> [Task details]
Collect all lines from the listing that include the string "Apartamento".

> [Data shown]

━━━━

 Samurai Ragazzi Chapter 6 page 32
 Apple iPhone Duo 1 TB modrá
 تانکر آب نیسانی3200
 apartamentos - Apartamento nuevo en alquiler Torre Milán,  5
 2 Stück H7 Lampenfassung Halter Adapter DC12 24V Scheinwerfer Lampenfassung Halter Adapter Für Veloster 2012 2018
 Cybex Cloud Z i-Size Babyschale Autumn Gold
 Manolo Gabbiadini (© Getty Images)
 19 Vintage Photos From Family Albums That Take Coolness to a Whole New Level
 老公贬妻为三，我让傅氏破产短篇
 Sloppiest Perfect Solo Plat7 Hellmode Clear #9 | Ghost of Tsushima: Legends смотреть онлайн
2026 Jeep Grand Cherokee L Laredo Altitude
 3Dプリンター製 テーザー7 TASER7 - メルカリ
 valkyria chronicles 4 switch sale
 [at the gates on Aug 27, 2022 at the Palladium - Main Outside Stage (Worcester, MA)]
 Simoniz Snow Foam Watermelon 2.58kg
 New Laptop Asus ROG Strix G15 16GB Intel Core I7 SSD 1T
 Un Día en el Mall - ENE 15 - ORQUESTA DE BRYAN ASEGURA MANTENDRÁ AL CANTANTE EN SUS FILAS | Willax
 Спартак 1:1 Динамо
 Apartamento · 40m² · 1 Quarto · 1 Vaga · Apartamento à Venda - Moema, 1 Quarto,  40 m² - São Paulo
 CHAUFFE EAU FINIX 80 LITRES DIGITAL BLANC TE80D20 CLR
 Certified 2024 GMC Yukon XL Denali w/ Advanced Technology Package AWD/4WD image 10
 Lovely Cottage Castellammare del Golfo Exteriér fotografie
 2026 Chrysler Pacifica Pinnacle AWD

━━━━

> [Response area]
 apartamentos - Apartamento nuevo en alquiler Torre Milán,  5
 Apartamento · 40m² · 1 Quarto · 1 Vaga · Apartamento à Venda - Moema, 1 Quarto,  40 m² - São Paulo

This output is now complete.